# Miley Kidded!!!



## LamanchaAcres (Jan 11, 2013)

Miley just kidded with a beautiful all white doeling! What a great way to start the season. Promise i will get pictures tomarrow because its late here!!!!!


----------



## goatiegirl (Jan 7, 2013)

Congrats! Can't wait for the pics!


----------



## JaLyn (Oct 10, 2012)

Congrads!!


----------



## LamanchaAcres (Jan 11, 2013)

Just posted pictures


----------



## StarMFarm (Jan 17, 2013)

Awww...congrats! What a little angel.


----------



## ksalvagno (Oct 6, 2009)

She is just precious with the sweetest face!


----------



## JaLyn (Oct 10, 2012)

she is gorgeous..


----------



## Nicoon (Feb 6, 2013)

How precious! I love white goats! The momma's pretty too!


----------



## toth boer goats (Jul 20, 2008)

Adorable  Congrats


----------



## Crystal (Jan 20, 2013)

Awe she is adorable.:stars:


----------



## imthegrt1 (Jan 13, 2013)

Cool kid


----------



## Engebretsen (May 16, 2012)

What a cutie!

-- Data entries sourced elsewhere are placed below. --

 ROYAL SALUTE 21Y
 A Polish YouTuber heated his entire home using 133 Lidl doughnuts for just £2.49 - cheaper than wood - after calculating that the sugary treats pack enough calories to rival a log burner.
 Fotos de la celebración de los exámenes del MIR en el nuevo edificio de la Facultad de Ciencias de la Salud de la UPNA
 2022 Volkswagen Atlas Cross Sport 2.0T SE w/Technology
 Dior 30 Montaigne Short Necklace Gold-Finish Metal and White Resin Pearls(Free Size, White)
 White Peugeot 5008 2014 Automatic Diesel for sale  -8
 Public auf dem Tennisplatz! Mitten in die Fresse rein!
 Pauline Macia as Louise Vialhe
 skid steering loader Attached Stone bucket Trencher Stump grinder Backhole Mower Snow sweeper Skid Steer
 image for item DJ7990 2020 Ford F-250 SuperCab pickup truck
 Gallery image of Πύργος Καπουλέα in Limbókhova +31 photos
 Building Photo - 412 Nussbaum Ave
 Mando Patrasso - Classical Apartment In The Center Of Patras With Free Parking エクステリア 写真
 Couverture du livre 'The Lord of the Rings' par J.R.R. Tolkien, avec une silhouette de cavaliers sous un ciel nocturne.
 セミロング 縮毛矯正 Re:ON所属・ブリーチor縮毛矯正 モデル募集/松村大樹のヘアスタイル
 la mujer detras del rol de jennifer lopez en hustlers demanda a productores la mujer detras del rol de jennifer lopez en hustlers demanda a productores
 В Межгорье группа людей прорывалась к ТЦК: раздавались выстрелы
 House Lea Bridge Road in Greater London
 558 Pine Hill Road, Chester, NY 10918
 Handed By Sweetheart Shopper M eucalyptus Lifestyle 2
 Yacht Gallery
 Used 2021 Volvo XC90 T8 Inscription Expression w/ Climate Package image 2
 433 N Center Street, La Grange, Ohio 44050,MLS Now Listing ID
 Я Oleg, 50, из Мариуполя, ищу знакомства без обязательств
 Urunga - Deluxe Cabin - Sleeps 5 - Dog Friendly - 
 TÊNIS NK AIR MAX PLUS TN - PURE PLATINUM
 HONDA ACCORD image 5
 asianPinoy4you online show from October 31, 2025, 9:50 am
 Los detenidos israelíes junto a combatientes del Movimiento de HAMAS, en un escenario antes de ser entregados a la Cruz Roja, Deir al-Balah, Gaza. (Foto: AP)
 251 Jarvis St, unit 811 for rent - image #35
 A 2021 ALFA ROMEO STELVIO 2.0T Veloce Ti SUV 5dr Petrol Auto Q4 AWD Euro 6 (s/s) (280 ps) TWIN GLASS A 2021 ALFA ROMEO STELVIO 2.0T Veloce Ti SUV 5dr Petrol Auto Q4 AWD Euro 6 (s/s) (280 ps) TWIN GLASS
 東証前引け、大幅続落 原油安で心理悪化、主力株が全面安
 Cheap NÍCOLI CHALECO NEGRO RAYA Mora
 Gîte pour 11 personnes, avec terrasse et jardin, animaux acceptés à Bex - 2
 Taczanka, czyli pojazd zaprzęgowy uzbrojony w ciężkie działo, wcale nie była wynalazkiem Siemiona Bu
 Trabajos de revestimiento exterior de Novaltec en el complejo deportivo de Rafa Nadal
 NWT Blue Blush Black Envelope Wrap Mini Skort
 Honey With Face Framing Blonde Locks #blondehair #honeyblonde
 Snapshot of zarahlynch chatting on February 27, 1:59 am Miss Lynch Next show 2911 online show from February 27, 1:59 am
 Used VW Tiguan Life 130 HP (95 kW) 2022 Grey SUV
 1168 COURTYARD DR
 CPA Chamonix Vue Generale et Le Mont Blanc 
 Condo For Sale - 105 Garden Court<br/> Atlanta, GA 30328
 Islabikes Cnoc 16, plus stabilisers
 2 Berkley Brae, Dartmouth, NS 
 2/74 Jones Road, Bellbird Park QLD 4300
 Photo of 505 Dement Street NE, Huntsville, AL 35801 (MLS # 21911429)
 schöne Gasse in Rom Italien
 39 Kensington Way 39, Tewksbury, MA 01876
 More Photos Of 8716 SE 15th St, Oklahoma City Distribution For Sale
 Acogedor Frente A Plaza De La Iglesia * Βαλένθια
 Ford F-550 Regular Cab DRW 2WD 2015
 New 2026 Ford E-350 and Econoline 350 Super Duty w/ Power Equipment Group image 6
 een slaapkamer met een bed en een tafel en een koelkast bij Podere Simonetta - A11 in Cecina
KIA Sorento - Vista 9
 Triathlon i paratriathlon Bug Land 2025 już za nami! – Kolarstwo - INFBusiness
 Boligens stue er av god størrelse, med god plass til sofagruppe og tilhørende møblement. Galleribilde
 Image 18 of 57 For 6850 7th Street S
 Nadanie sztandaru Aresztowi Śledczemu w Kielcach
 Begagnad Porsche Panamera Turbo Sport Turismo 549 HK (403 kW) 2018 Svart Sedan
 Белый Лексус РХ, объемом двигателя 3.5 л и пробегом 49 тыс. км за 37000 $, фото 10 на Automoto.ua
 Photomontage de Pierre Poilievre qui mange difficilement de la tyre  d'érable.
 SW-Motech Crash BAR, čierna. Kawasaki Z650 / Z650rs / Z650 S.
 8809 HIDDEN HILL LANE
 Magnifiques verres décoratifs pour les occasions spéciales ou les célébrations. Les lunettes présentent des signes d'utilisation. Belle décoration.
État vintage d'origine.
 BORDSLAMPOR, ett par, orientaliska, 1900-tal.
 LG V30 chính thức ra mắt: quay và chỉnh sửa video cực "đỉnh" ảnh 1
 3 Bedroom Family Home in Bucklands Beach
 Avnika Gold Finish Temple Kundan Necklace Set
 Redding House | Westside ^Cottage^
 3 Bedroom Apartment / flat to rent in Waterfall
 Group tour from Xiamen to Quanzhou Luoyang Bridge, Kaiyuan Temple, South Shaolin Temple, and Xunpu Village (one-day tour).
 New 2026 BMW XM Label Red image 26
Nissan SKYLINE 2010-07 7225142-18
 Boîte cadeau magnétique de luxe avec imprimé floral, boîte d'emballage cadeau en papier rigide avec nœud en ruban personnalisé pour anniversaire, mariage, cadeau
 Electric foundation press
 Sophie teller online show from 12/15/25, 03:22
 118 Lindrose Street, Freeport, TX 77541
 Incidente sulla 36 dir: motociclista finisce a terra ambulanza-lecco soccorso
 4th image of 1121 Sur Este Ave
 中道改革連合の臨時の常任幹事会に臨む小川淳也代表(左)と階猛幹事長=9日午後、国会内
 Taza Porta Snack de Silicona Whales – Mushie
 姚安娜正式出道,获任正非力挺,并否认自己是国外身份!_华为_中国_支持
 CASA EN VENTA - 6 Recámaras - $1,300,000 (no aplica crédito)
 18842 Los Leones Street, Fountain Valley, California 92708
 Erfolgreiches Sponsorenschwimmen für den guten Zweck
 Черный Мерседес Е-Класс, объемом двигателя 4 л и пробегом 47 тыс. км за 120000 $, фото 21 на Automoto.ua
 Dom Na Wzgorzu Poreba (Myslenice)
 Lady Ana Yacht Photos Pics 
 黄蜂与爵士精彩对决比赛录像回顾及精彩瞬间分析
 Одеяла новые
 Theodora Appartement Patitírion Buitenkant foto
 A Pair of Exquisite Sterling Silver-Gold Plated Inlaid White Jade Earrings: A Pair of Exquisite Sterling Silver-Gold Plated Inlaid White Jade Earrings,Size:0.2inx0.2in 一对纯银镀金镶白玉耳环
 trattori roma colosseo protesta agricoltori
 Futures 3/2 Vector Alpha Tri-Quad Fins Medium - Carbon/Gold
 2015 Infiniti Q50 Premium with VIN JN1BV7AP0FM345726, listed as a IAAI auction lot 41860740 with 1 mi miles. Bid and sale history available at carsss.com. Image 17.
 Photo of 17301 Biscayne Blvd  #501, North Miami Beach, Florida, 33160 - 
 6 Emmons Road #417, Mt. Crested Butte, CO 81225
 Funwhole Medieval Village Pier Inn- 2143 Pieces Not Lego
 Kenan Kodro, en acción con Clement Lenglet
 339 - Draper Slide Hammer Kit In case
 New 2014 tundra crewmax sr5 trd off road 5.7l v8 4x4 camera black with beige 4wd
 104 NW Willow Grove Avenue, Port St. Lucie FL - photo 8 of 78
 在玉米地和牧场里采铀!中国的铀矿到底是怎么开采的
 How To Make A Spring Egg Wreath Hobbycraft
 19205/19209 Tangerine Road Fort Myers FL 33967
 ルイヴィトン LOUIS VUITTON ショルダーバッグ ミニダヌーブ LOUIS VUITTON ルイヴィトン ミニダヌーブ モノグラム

Mama Miley has cute little wattles and such a sweet face, too!


----------



## Scottyhorse (Feb 11, 2013)

So cute!!


----------



## DaisyMayFarm (Jan 19, 2013)

Aw, she is beautiful! Congrats


----------



## LamanchaAcres (Jan 11, 2013)

Just decided on the name for the baby. Since mommas name is Miley i think that ill call the baby Magic!


----------



## nursehelg (Jul 5, 2012)

She is adorable!


----------